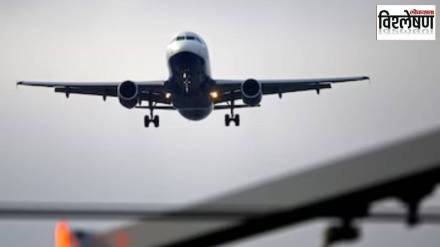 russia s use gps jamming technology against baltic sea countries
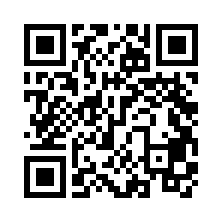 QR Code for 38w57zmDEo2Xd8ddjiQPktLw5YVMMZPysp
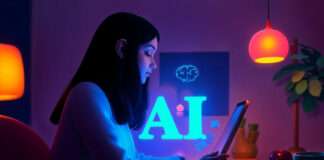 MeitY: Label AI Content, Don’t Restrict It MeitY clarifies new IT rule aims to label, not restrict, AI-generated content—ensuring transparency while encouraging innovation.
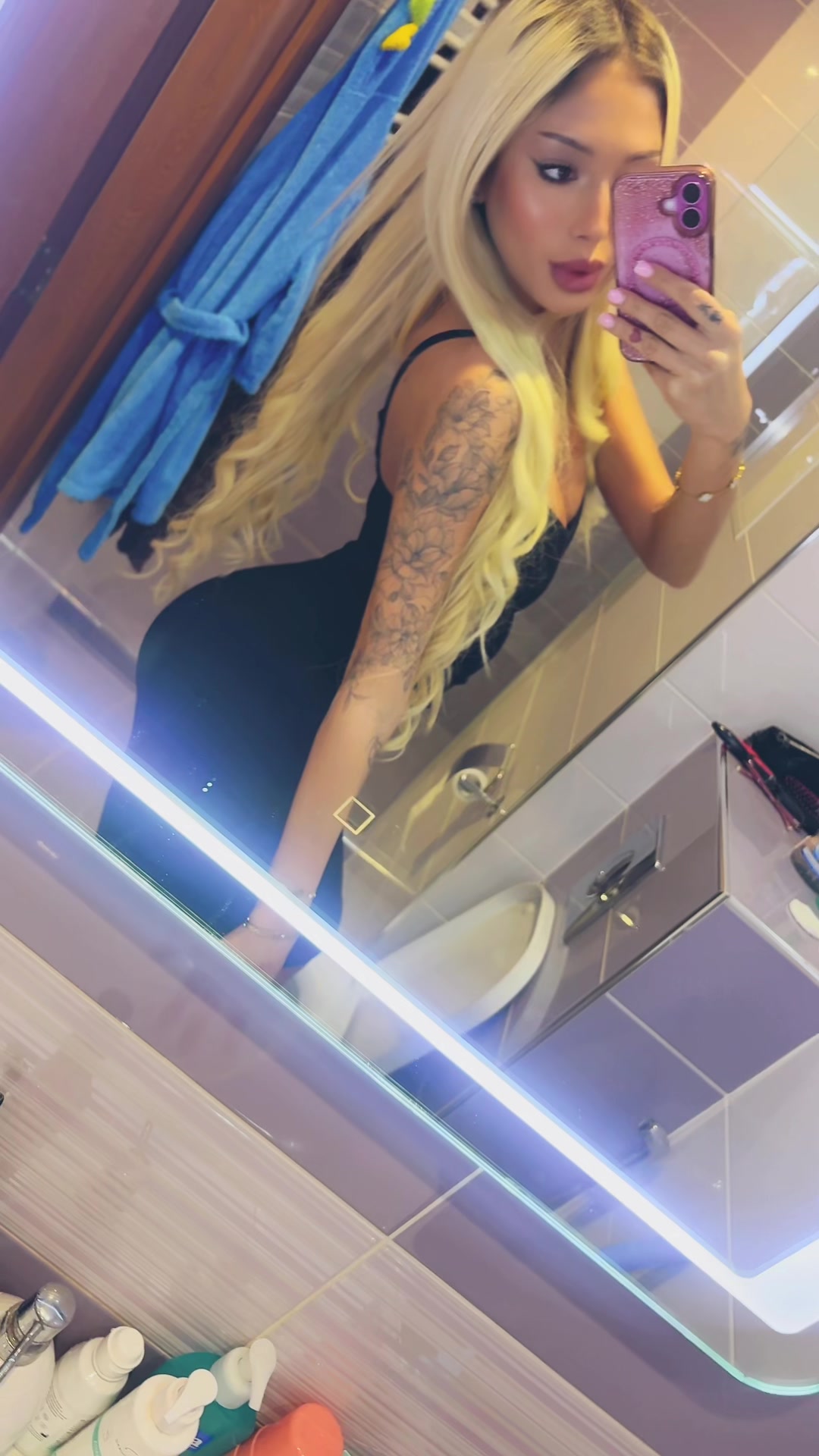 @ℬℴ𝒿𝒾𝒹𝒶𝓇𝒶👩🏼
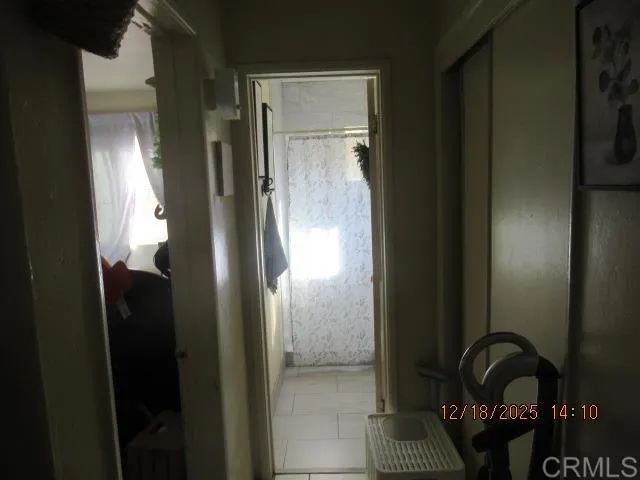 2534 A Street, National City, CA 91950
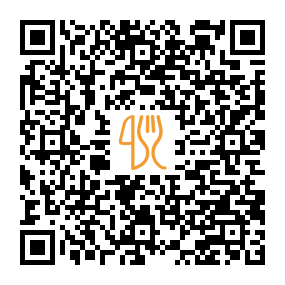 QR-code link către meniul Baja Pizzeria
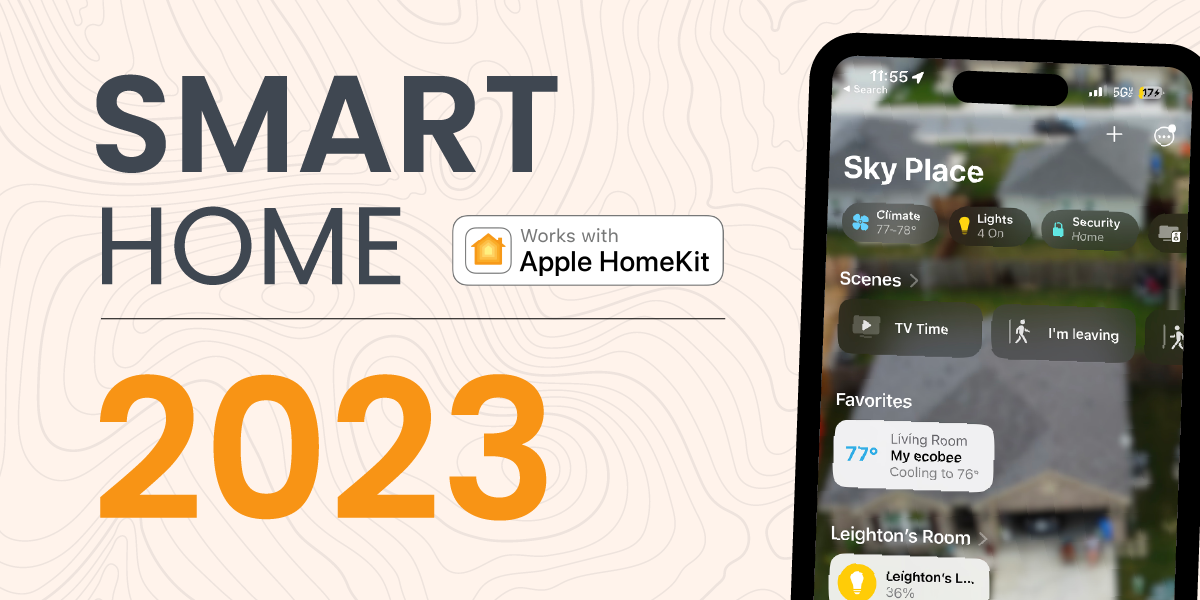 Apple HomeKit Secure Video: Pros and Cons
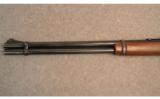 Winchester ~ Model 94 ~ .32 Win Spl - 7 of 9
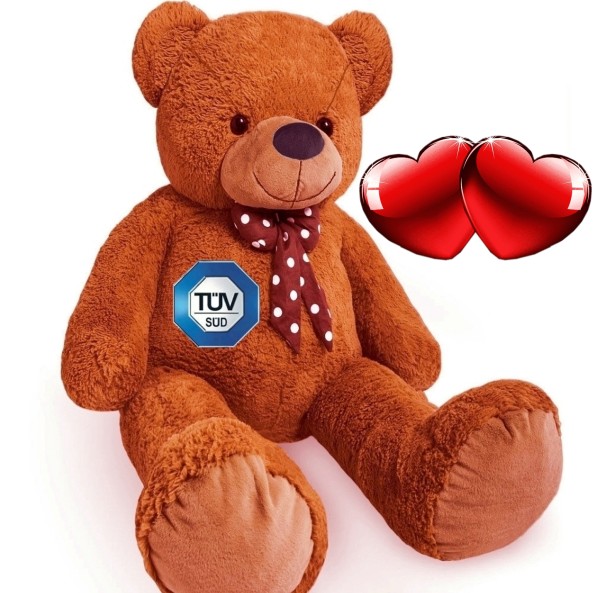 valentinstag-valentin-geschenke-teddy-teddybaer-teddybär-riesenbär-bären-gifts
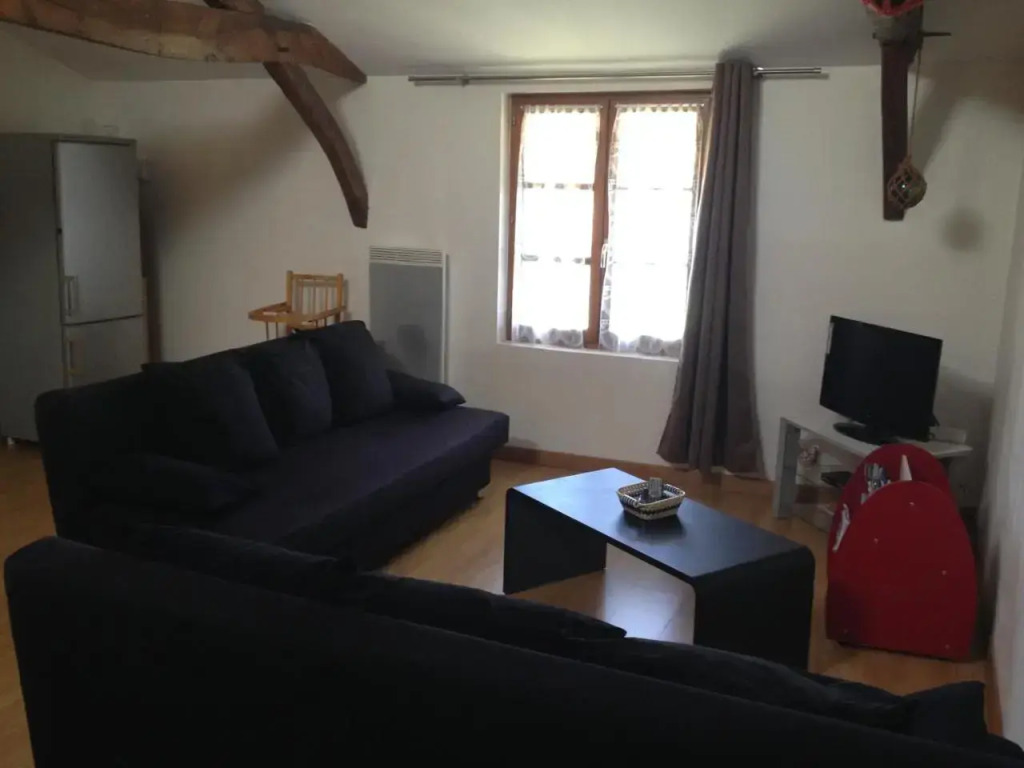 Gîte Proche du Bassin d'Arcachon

◇ ◇ ◇ ◇

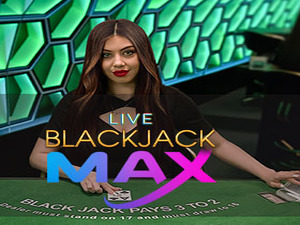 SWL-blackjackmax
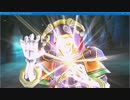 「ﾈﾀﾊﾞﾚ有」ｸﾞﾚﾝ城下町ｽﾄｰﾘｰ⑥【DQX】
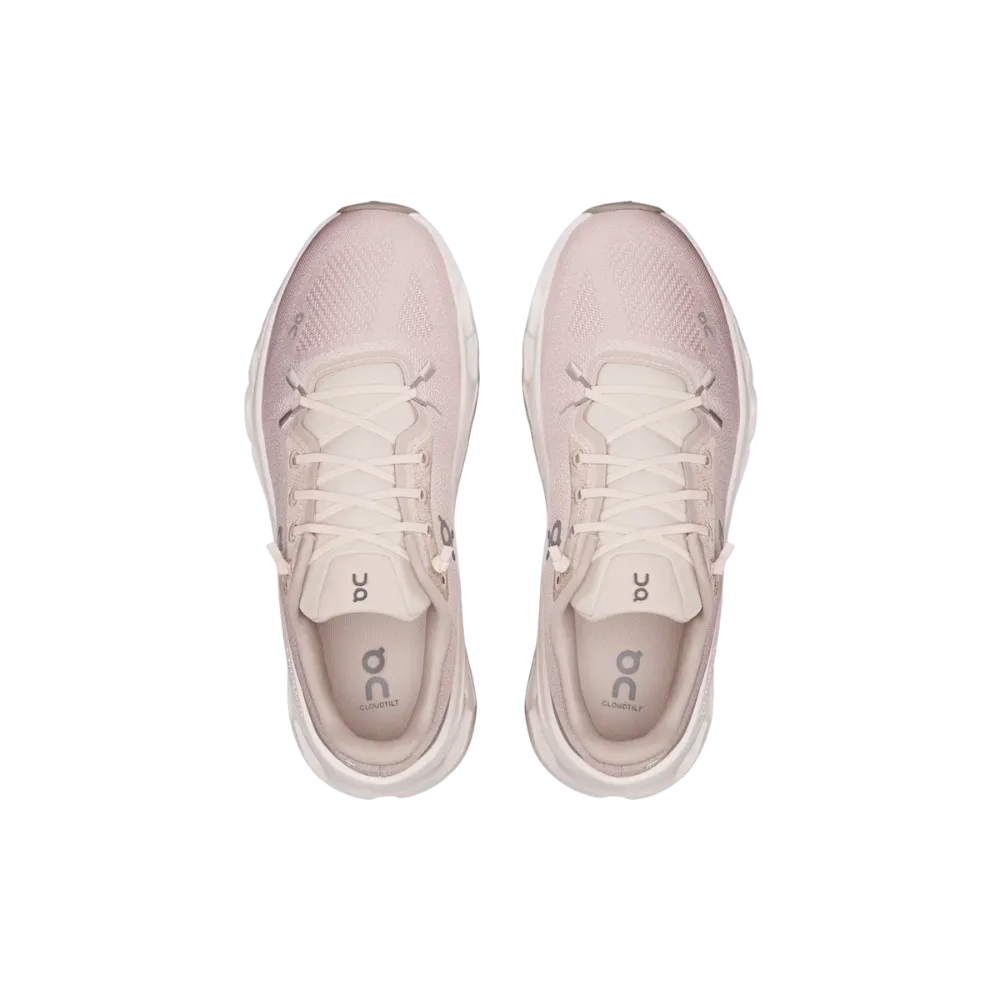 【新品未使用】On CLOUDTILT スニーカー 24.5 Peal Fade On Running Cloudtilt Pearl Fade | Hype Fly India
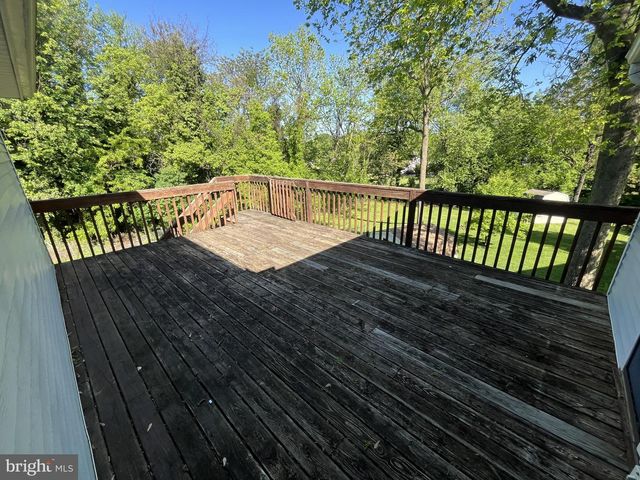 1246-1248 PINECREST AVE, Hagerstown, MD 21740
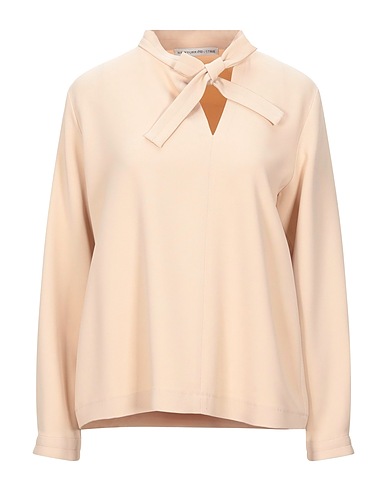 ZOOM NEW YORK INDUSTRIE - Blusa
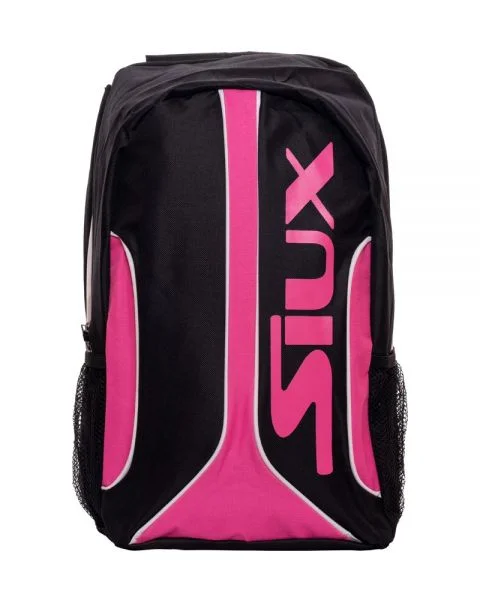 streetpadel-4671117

◇ ◇ ◇ ◇

▶ WHAT IS REQUIRED
The reply should hold the entries above from the line with "Hype Fly India" to the line with "streetpadel-4671117", duplicated exactly, pictures excluded.

▶ YOUR RESPONSE
 【新品未使用】On CLOUDTILT スニーカー 24.5 Peal Fade On Running Cloudtilt Pearl Fade | Hype Fly India
 1246-1248 PINECREST AVE, Hagerstown, MD 21740
 ZOOM NEW YORK INDUSTRIE - Blusa
 streetpadel-4671117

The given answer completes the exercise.